> **EXTRACTED RECORDS**
<<<<

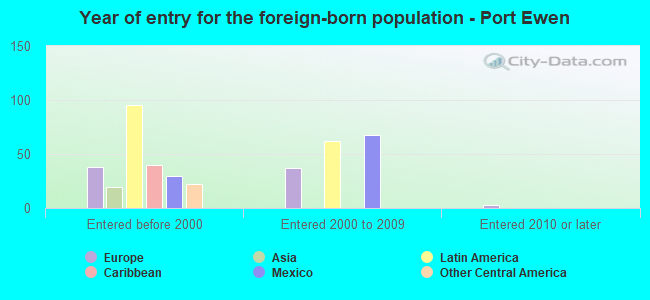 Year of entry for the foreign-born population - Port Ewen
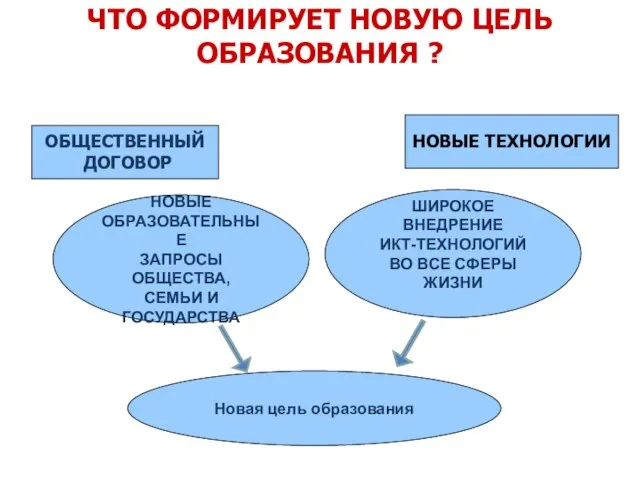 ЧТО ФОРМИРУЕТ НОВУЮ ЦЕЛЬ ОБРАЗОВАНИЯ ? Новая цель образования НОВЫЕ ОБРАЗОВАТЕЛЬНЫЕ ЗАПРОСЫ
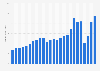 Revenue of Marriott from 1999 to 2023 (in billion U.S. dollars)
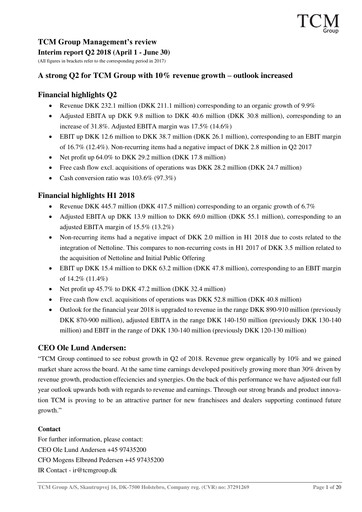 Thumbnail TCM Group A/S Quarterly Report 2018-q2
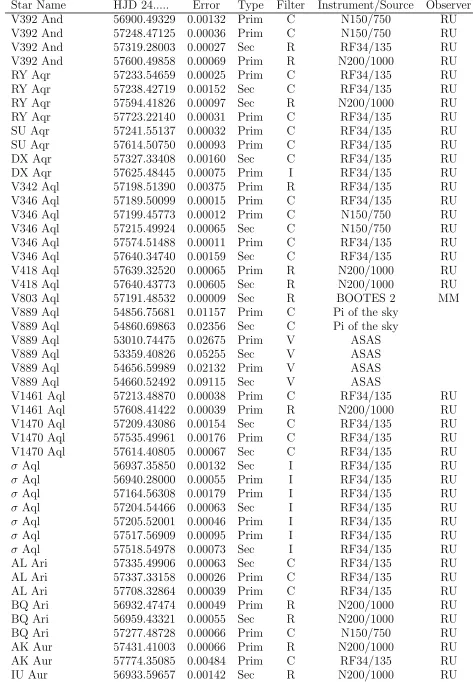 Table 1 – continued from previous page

>>>>

> **PROBLEM DESCRIPTION**
All lines from the one containing "ЧТО ФОРМИРУЕТ НОВУЮ" through the final line of the entries above are to be copied exactly; the pictures are not.

> **WRITTEN SOLUTION**
 ЧТО ФОРМИРУЕТ НОВУЮ ЦЕЛЬ ОБРАЗОВАНИЯ ? Новая цель образования НОВЫЕ ОБРАЗОВАТЕЛЬНЫЕ ЗАПРОСЫ
 Revenue of Marriott from 1999 to 2023 (in billion U.S. dollars)
 Thumbnail TCM Group A/S Quarterly Report 2018-q2
 Table 1 – continued from previous page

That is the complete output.